At the next appellate level, there were two (2) issues considered by the Maryland Court of Appeals: 1) whether the trial court erred in declining to order employment-related relief to Plaintiff, e.g., that Plaintiff be re-employed by the corporation and be awarded back pay and a salary into the future as part of the relief for the oppressive conduct it had found by one (1) of the controlling shareholders of the corporation; and 2) whether the trial court erred when it determined that the Lare Defendants had not engaged in “fraudulent” conduct.

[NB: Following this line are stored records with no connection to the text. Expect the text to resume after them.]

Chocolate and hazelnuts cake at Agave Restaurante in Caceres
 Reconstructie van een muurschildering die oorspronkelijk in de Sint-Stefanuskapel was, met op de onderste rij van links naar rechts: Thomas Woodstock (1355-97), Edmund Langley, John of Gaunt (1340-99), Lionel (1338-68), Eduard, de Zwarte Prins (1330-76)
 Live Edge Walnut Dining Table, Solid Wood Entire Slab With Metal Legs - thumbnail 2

The appellate court held that the trial court did not abuse its discretion in deciding the appropriate relief and affirmed the trial court’s decision. In terms of the measuring stick for “oppression” of a minority shareholder—the shareholder’s “reasonable expectations” upon becoming an owner of the company—did not dictate the nature of equitable relief (short of corporate dissolution) that a trial court must impose. In fashioning relief, the trial court may properly take account of the viability of the corporation, and the impact of the relief on others associated with the corporation, including other shareholders, management, employees, and customers. The Court agreed with the lower courts that the “reasonable expectations” doctrine is the test for oppressive conduct and that dissolution is not the only remedy for oppression. Second, employment-related relief, such as pay-related monetary damages, or a requirement that the corporation employ the minority shareholder, is unlikely to be appropriate in the absence of a written or oral employment agreement, as a remedy for the oppression against the Plaintiff. The trial court acted in its discretion to fashion a lesser remedy than dissolution, and to deny employment-related relief without an oral or written agreement to support that relief. To hold that the court abused its discretion in declining to award employment-related relief—whether the reinstatement or the monetary damages Plaintiff sought—would be to convert a discretionary equitable remedy into a substantive legal right. The Court of Appeals further affirmed the trial court’s finding as to a lack of fraud by Mr. Lare, and accordingly, there was no predicate to award punitive damages.

Overall, the Court determined that the trial court “ably” handled a complex case, and on review of the particular issues before the Court—the finding of oppression but not of fraud, the equitable remedies selected, and the decision not to award employment-related relief or punitive damages—the trial court did not err.

The two (2) dissenters from the Court of Appeals opined that the trial court erred in failing to exercise its discretion in fashioning available equitable relief to remedy the oppression by the majority shareholders and erred in deducing that there was “no legal basis” for Plaintiff’s claim that he was entitled to employment-based damages. The trial court also limited relief to a money judgment for past defalcations of a 55% shareholder, plus attorneys’ fees, without considering how to provide protection to Plaintiff going forward. Plaintiff requested various equitable remedies that would offer him protection against Defendants’ continuing to funnel corporate earnings to their personal benefit. The dissenters would vacate and remand to the trial court for consideration of equitable remedies, including damages for lost employment.